--- Material shown ---

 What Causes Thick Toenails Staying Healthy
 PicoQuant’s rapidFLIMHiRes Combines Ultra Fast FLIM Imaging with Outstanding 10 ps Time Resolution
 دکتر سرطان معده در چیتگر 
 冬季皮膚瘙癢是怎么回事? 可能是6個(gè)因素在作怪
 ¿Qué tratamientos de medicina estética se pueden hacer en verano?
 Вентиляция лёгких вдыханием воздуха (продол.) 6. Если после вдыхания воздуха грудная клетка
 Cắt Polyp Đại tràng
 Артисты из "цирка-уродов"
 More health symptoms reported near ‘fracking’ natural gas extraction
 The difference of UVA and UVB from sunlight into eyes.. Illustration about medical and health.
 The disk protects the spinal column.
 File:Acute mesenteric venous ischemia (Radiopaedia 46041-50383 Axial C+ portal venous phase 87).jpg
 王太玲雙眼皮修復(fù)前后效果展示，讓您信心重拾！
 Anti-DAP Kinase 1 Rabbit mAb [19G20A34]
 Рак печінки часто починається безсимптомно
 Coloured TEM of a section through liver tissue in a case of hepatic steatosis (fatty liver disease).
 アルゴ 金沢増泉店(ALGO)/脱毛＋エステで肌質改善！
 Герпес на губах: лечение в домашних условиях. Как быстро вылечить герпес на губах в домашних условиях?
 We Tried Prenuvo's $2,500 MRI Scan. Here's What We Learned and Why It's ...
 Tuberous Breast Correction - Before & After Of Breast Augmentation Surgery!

---

Problem to work on:
Look through the entries above and copy each line that has "What" in it.

Result:
 What Causes Thick Toenails Staying Healthy
 We Tried Prenuvo's $2,500 MRI Scan. Here's What We Learned and Why It's ...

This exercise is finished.